• What to do
Set down the line containing "USS VIRGO AKA-20/AE-30 - POSTCARD POSTKARTE" and each line after it through the last line of the records, exactly, leaving pictures out.

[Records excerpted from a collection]

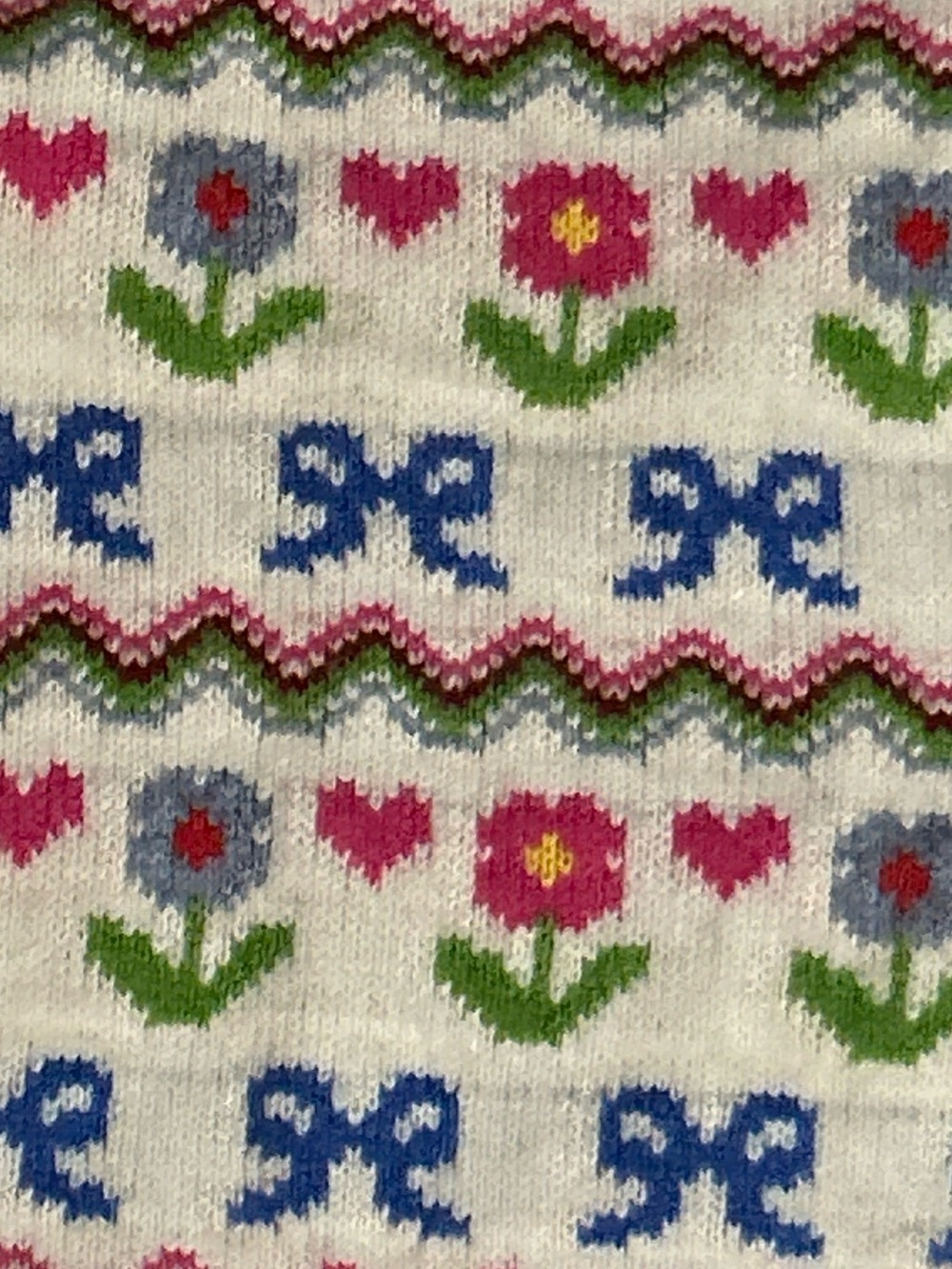 Boden Edie Fair Isle Vest Oatmeal Melange Knit Floral & Bow Pink Trim - Picture 11 of 13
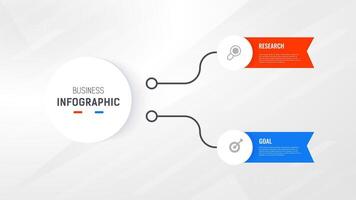 två steg infographic märka design mall med linje ikoner. bearbeta steg diagram, presentationer, arbetsflöde layout, baner, strömma Diagram, info Graf illustration. vektor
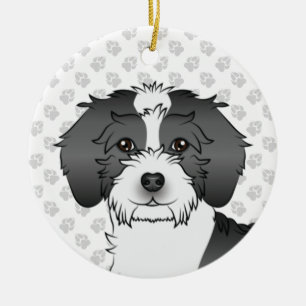 Adorno De Cerámica Cabeza de perro mini Goldendoodle de color parti n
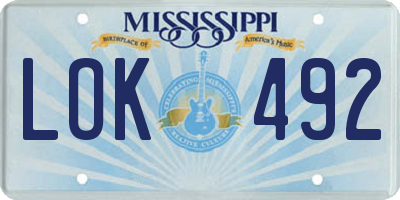 MS license plate LOK492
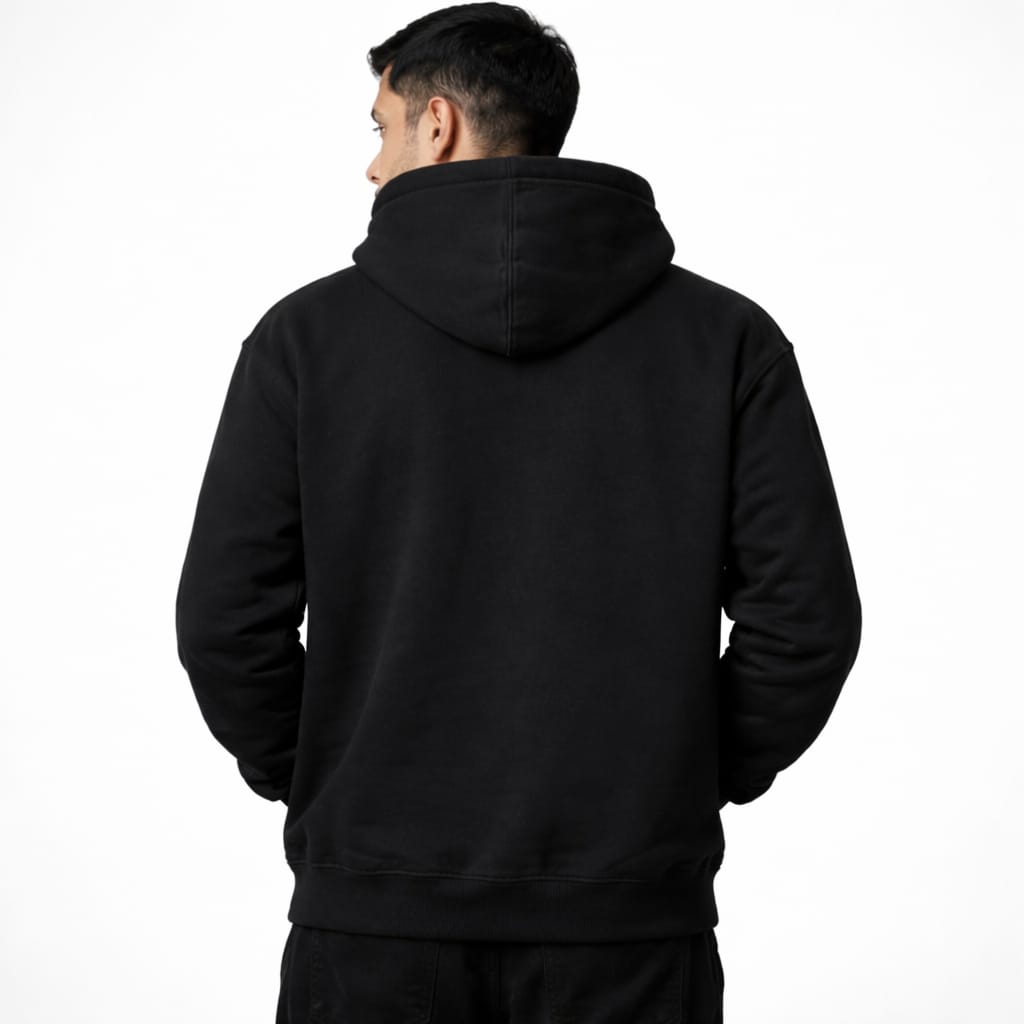 NUROVA Premium Black Hoodie Minimal Streetwear Essential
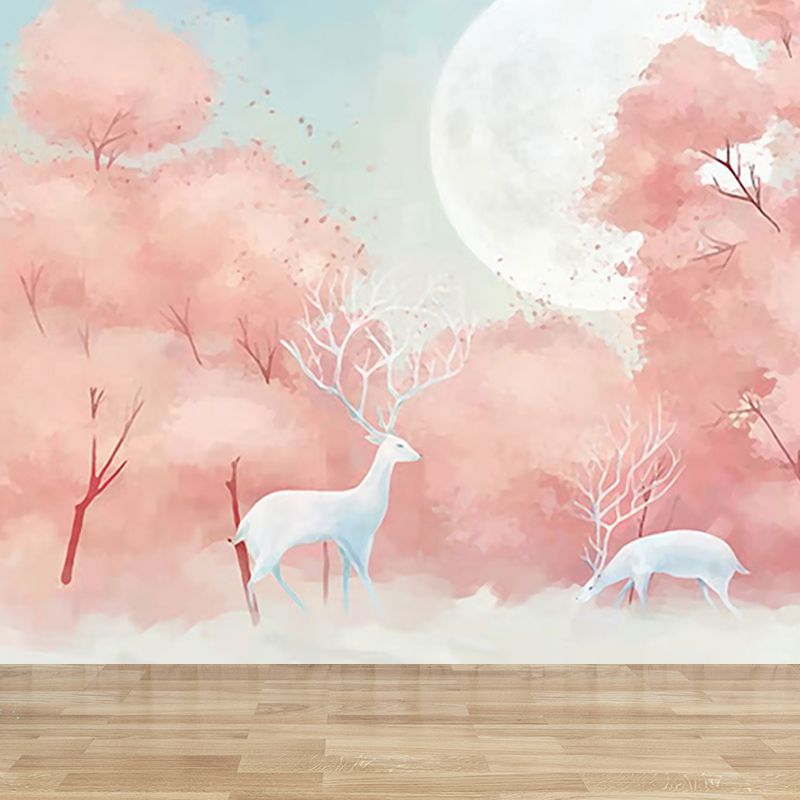 Reindeer Wall Mural Modern Decorative Living Room Wall Covering, Custom Size Available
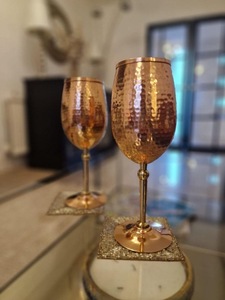 Verre à vin en cuivre martelé ILAHI, écologique, portable, moderne, avec couvercles, emballage en boîte blanche, pour la maison, l'hôtel, les fêtes - Product Image 2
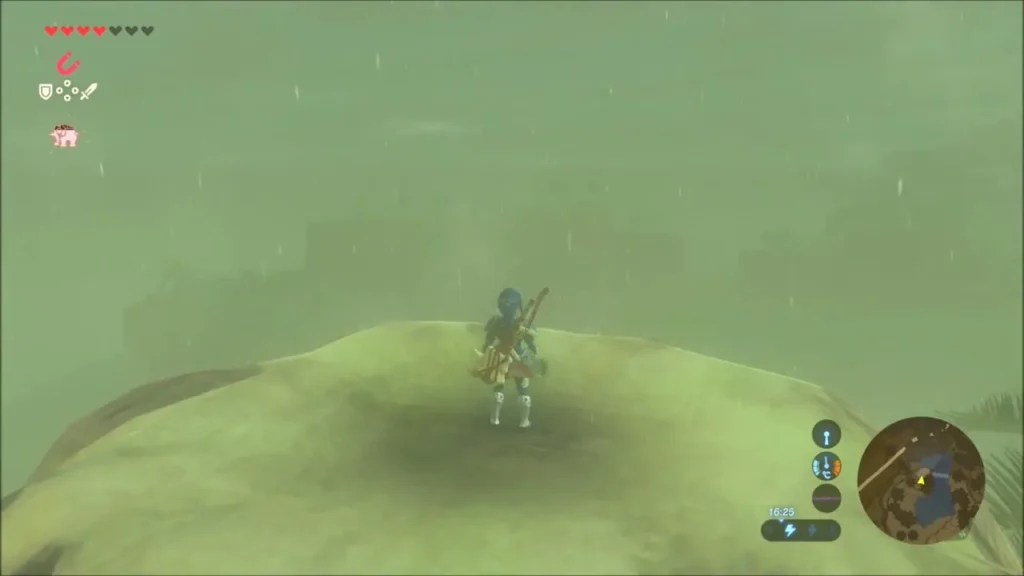 Link standing on top of the rock mound in the storm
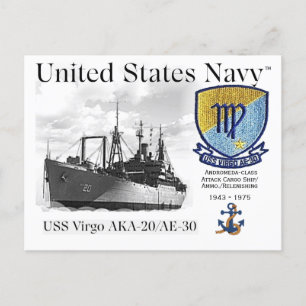 USS VIRGO AKA-20/AE-30 - POSTCARD POSTKARTE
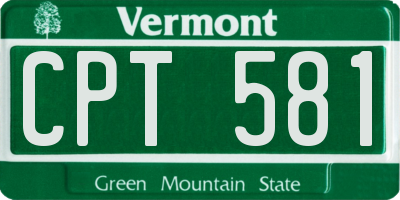 VT license plate CPT581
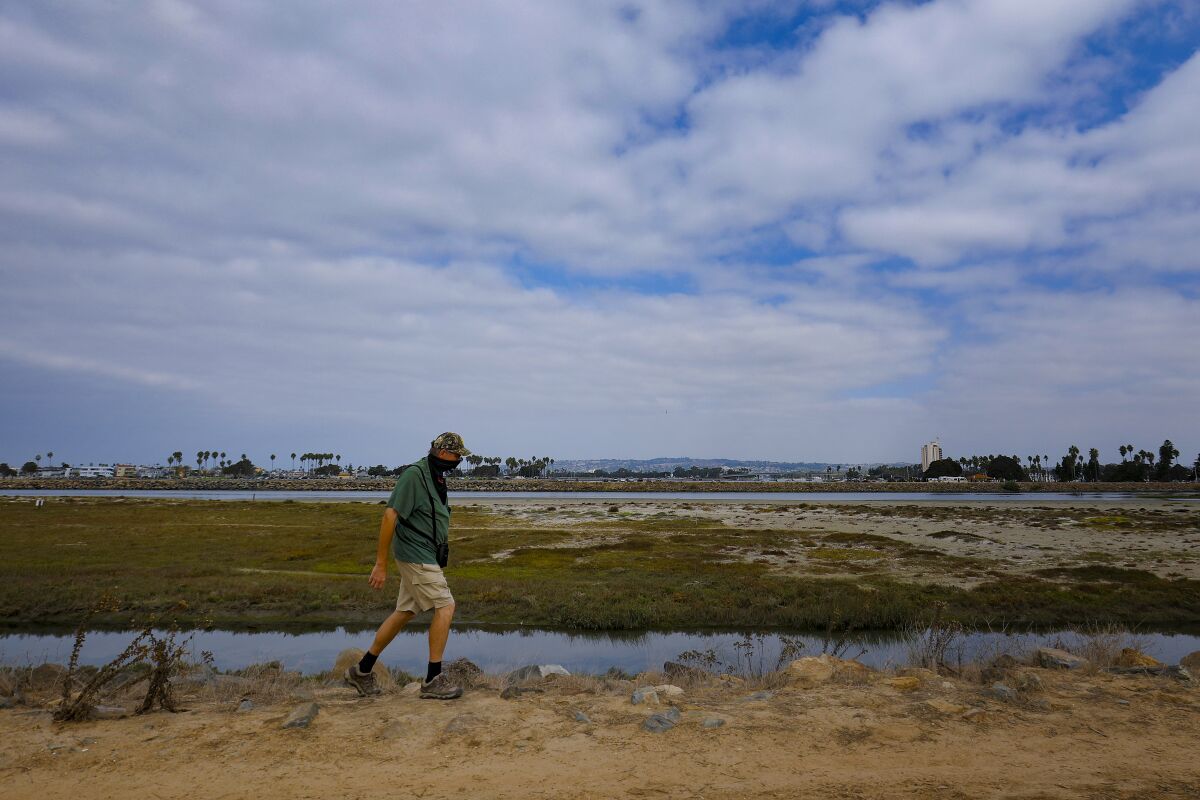 Naturalist B.J. Stacey walks the banks along the San Diego River.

• Response
 USS VIRGO AKA-20/AE-30 - POSTCARD POSTKARTE
 VT license plate CPT581
 Naturalist B.J. Stacey walks the banks along the San Diego River.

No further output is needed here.